I have no need for a track machine and I could buy it as is, make one repair, replace the engine drive pulley, and sell it; or remove the engine and put it on a 30" MTD and sell that. It would seem to me the MTD is more sellable because it looks nicer and paint is better with no rust.

After this winter, he is going to sell it for $150, what he paid me, and "buy a new machine at Home Depot that doesn't need any repairs for $650 as he bought his two sons".

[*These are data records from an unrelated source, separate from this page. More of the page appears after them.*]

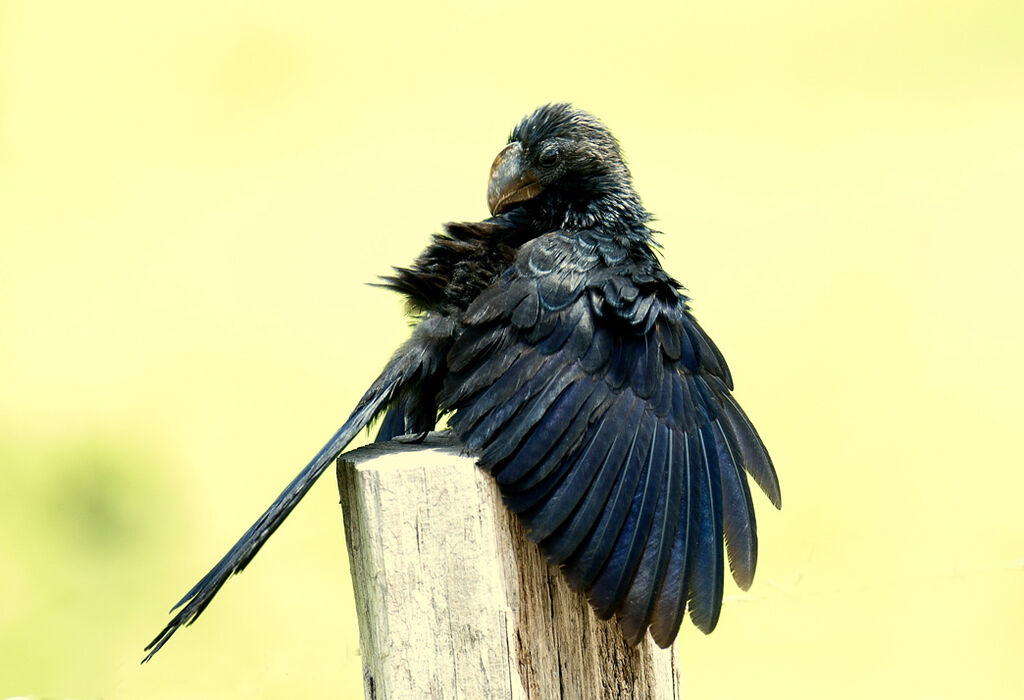 Smooth-billed Ani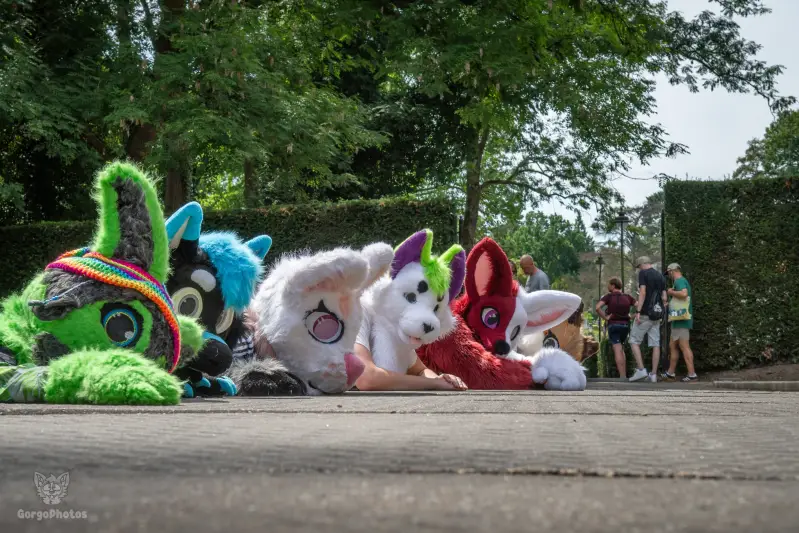 sonsbeekfurmeet_07-12-55-standard.webp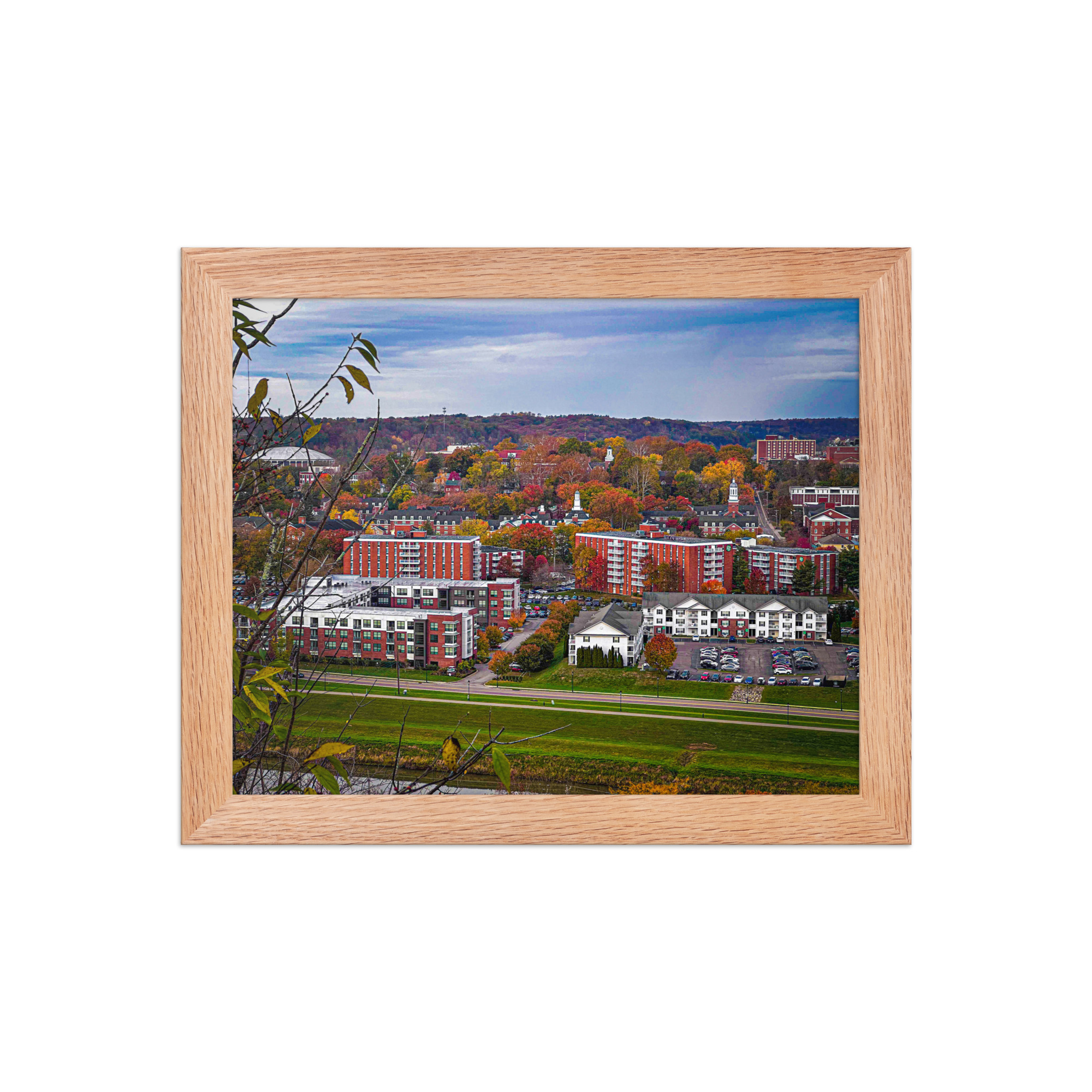 enhanced-matte-paper-framed-poster-in-red-oak-8x10-front-69fea4f4f0ca0.jpg Athens Ohio Framed poster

He was frustrated with my repair, and I could understand that, so was I. I did a very local on-site repair and had to make 3 trips. I went to evaluate the machine, he told me he could hold the machine back when in gear. When I saw it run and in gear, it moved but then he held it and I could see the drive belt slipping on the pulley. I ordered a replacement belt. When next to the old belt, you could see the new belt was shorter as the old one had stretched. Installed the belt, though he had to fight a little more, he could still hold the machine back as I saw the new belt slip on the drive pulley. I ordered a 1/2" shorter belt for a Toro so it is still a equipment belt. This belt was a cog belt. Installed this belt, he could still hold it back though he had to fight more. Again, the belt was slipping on the drive pulley. I then said we need to replace the drive pulley with either the same or an adjustable variable pulley. Is it the drive pulley? Or need an even shorter belt? He said he didn't want to spend any more money. Said he'll see how it works if we get any snow then after the winter he will sell it for what he paid me.

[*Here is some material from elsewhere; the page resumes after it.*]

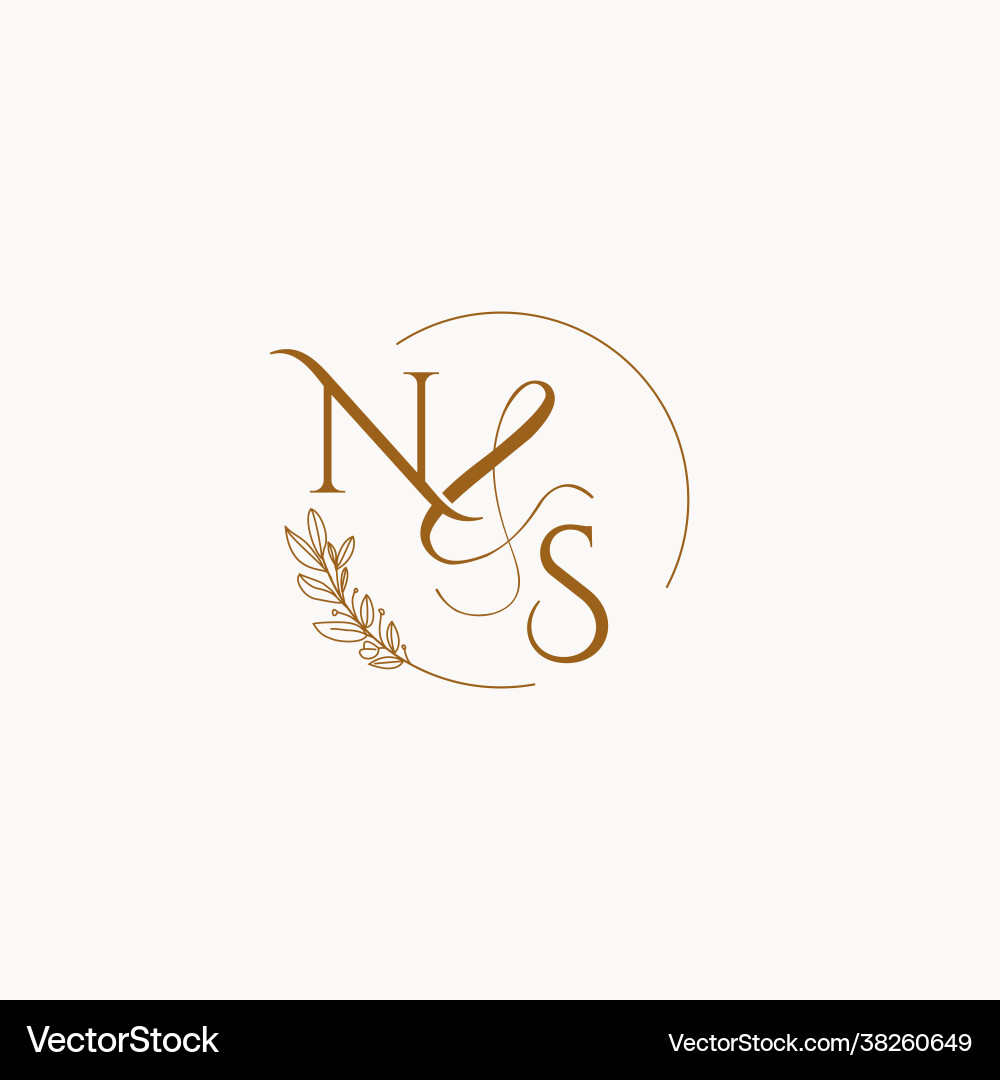 NS Wedding Monogram Logo Vector Image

Suggestions? Replace the drive pulley and sell it? I have $55 parts in it now, plus the cost of the new pulley. Or pull the engine, put it on the MTD and sell that, and sell the track Craftsman for parts, or look for another engine for that.


----------



## Jackmels (Feb 18, 2013)

Add some Spring Tension on the idler pulley.


----------



## micah68kj (Oct 8, 2011)

Jackmels said:


> Add some Spring Tension on the idler pulley.


+1 on the tension.


----------



## tadawson (Jan 3, 2018)

Suggestions? Tell him to quit holding it back! That's not a part of normal operation! If it slips in use, that's a problem. If it slips when you do something that stupid, that's operator error . . . . 



Might also try lightly sanding the surface of the drive pulley as well . . . if it's been slipping for a while, it's likely glazed and polished . . . . pretty much the same that happens on the friction disk downstairs . . .


----------